In describing these manuals, I described them as “time-binding manuals.”  While I was definitely referring to general semantics with the reference, the reference was a surprisingly natural thing to say when it came to describing these manuals.  In writing these manuals, I was helping bind the future who might inherit my work with the past–that is, me, now–who is doing the work.  The manuals were like glue–they did the binding of the two different generations.

Things like manuals and a number of different kinds of written works are time-binding tools.  They exist by design to help the future understand the past.  Alfred Korzybski coined the term “time-binding,” and expounded upon it in his 1921 book Manhood of Humanity.  He described time-binding as the characteristic that distinguishes man from animal.  According to Korzybski, animals don’t time-bind.  Have you ever seen a monkey’s manual or a cow’s guidebook?

But maybe we didn’t need Korzybski to coin the term.  Maybe it would eventually have been used by the manual-writer who needed to underline the purpose of writing the manual.  “The manual is a time-binding tool to help preserve organizational procedure.”  In such a sentence, the term “time-binding” doesn’t have a technical meaning–just an everday one.  Remarkable, huh?

But it took Korzybski to underline the importance of this characteristic to humanity.  Animals and plants just don’t seem to do this.  Because of time-binding, humans can pick up where others left off in their work.  Because of time-binding, we don’t have to relearn things after our predecessors’ deaths; we can read a little bit then skip much of the frustrations they encountered and jump to the successes.  Of course I’m talking in general, and there’s something to be said about the value of making mistakes.  But it is because of things like manuals, we don’t need to make wrong steps in order to find right steps.  We can jump right to right steps.

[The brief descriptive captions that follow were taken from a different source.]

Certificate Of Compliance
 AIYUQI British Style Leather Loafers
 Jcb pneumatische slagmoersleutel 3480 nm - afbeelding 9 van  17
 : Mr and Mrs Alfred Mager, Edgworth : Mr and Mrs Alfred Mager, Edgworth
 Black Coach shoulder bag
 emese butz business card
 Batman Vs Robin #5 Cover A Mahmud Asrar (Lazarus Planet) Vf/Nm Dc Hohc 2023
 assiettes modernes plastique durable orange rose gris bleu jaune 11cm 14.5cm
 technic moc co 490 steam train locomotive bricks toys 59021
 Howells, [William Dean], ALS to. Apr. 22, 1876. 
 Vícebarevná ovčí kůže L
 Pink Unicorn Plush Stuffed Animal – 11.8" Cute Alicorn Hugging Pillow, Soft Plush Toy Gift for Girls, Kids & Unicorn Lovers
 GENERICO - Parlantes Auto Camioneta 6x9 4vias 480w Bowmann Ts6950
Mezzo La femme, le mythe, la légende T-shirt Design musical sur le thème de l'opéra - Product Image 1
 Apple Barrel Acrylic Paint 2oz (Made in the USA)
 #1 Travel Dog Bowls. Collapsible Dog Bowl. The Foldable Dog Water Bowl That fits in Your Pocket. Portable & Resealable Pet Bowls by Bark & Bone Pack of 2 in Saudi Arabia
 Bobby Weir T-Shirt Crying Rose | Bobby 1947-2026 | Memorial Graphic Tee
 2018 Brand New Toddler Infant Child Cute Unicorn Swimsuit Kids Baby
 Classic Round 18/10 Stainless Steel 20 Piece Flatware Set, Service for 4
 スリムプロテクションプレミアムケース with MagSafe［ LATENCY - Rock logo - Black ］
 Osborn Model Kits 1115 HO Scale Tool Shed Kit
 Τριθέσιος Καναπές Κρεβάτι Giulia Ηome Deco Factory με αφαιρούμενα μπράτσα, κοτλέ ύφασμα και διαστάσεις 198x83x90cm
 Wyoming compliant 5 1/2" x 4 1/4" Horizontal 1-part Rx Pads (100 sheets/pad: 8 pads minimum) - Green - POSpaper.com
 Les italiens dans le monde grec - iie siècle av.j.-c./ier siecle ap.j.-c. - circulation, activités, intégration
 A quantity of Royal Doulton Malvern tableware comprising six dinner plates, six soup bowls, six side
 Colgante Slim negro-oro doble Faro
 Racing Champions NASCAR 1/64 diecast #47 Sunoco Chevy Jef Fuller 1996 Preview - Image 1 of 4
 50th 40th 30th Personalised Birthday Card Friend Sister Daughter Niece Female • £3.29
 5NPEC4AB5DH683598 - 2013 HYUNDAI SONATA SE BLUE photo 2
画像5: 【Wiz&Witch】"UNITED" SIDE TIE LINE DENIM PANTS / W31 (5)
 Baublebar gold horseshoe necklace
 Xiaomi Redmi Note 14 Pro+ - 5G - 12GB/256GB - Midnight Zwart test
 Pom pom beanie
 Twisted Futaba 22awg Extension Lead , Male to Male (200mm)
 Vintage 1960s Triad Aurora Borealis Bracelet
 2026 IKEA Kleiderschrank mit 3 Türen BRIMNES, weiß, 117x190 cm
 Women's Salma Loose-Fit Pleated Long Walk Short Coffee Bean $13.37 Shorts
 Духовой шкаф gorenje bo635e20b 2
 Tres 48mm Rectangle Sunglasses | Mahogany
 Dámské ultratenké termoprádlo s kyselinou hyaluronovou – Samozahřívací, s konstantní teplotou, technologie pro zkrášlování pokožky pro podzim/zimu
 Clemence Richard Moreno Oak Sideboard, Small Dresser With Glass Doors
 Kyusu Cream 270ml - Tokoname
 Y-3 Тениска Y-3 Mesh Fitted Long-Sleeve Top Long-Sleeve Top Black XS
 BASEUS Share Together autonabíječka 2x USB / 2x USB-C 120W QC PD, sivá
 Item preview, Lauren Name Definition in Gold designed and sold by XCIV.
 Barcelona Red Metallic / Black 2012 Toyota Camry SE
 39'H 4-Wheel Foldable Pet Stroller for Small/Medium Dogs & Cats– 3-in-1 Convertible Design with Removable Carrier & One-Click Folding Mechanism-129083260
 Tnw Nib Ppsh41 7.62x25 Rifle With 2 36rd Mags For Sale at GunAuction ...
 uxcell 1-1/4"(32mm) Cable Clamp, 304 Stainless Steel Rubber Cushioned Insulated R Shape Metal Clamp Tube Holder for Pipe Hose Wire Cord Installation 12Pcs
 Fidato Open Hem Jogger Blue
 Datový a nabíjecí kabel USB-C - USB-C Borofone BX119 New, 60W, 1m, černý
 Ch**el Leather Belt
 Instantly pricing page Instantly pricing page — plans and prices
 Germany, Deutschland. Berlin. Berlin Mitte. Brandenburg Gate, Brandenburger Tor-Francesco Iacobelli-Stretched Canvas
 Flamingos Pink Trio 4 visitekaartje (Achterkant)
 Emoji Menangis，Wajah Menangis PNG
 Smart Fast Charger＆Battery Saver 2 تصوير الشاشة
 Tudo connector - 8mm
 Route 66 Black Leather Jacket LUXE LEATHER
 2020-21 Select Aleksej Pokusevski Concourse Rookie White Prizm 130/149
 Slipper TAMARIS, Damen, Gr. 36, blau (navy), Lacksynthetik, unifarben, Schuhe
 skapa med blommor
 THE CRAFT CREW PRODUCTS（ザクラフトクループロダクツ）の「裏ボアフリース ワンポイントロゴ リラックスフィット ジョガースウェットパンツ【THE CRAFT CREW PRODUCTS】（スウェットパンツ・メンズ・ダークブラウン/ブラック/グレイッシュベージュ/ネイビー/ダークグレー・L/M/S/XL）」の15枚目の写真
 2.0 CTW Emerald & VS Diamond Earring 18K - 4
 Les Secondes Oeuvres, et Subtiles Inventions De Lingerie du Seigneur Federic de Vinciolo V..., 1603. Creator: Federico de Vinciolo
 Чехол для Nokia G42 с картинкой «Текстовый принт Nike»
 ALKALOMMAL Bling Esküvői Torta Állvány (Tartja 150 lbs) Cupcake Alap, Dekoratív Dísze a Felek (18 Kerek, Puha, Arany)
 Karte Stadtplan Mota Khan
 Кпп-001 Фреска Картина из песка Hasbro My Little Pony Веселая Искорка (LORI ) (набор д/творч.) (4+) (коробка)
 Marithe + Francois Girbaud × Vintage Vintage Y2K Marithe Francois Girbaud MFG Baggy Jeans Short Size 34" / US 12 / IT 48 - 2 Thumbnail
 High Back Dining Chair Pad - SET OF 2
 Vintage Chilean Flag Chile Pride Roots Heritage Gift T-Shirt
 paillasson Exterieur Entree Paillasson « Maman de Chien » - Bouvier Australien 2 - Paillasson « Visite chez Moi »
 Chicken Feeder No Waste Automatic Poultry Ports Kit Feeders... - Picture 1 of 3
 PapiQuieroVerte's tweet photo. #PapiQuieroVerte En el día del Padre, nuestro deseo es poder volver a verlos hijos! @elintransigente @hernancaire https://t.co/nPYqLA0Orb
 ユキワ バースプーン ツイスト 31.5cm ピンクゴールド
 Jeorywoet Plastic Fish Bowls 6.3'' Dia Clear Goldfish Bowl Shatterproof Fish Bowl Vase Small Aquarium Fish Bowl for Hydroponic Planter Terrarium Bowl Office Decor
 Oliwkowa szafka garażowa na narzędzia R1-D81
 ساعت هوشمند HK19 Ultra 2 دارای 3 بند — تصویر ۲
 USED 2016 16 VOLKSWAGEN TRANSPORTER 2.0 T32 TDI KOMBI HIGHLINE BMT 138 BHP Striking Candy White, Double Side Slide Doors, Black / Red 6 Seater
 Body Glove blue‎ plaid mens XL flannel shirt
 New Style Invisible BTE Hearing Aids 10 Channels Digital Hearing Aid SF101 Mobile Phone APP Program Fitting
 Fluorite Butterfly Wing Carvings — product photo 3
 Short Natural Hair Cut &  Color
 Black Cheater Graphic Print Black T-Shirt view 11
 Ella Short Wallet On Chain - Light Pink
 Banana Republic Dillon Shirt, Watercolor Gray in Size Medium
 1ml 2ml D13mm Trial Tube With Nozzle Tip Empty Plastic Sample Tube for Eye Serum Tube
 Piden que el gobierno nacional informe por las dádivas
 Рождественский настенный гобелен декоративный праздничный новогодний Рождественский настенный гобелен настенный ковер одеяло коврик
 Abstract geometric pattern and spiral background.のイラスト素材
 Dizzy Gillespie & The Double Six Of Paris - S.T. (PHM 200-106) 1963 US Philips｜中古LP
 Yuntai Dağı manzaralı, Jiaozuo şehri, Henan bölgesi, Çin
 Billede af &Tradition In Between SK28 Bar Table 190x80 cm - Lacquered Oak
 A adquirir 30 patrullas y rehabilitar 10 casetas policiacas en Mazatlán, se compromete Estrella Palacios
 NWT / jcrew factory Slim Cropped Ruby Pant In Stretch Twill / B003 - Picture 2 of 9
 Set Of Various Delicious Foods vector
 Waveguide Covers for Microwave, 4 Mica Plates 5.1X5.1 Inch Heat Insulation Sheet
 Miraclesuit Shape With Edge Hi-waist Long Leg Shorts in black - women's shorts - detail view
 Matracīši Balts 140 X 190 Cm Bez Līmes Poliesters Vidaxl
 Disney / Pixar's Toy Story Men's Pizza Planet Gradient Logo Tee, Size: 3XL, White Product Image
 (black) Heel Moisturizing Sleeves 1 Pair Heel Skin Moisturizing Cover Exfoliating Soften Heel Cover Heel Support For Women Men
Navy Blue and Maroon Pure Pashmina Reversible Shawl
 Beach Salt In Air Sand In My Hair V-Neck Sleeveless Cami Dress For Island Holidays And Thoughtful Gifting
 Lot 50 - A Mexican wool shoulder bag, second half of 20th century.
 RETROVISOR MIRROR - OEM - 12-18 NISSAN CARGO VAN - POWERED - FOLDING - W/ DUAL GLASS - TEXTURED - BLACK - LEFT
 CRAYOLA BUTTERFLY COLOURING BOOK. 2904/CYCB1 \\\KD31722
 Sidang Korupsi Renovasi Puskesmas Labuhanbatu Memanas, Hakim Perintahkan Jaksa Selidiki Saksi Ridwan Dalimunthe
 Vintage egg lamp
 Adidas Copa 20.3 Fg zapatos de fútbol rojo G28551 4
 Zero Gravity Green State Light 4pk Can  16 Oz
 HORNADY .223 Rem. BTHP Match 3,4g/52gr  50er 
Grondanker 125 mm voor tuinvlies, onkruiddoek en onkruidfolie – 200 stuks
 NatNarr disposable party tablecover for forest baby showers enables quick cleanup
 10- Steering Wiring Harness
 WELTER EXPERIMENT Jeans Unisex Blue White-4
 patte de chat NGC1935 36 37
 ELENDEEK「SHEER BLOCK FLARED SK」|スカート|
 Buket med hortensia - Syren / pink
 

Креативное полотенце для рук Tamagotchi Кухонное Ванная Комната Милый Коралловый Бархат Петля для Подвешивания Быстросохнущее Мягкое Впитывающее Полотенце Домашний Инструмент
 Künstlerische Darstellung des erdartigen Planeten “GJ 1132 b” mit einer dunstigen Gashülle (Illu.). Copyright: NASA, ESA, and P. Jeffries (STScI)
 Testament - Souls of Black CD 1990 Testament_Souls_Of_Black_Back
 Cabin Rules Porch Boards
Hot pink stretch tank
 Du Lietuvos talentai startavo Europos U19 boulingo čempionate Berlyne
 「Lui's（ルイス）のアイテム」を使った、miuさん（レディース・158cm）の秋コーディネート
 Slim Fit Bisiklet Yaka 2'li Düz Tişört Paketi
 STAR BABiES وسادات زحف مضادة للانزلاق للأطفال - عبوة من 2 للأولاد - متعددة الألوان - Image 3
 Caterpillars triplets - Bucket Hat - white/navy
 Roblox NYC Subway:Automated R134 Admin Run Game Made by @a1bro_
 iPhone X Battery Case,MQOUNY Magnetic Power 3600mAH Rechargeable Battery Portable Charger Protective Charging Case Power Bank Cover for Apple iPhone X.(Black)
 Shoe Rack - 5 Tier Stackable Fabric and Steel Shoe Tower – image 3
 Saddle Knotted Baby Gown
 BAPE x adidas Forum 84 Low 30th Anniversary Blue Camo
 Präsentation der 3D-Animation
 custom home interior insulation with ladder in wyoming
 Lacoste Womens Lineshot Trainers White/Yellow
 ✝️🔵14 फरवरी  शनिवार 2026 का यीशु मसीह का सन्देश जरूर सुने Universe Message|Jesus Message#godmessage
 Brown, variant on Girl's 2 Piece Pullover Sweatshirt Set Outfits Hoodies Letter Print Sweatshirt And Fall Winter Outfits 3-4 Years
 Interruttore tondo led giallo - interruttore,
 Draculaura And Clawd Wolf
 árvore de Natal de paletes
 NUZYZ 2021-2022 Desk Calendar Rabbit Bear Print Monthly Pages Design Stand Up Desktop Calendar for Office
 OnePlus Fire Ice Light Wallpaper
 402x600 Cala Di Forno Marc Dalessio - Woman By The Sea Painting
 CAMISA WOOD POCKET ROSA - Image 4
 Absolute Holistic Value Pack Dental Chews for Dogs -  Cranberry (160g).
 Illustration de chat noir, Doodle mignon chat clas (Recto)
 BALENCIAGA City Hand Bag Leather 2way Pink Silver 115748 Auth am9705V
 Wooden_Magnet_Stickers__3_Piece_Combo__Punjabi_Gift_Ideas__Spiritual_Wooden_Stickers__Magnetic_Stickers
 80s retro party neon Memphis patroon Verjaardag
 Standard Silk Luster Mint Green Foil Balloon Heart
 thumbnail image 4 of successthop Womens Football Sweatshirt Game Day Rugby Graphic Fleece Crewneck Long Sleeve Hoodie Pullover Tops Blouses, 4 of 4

And animals don’t seem to have this kind of benefit.  Surely, there is some evolutionarily programmed behavior animals exhibit.  But animals don’t typically progress from generation to generation.  If they build a wasp’s nest, it doesn’t end up with a porch or garage complete with garage door opener. It stays a wasp’s nest and becomes a wasp’s nest every time.   The human builds huts, then houses, then houses with garages with garage door openers, then whatever is to come.  The hut becomes something next.

What is fundamental to a manual?  Instruction.  How is instruction conveyed?  By words.  Give a future reader a set of words, and you yield particular results in the future.  So, your choice of words in your instructions now can have cultural impacts later.  Choose your words wisely as you offer instruction in your manuals because you might inadvertently wire the future for failure over success.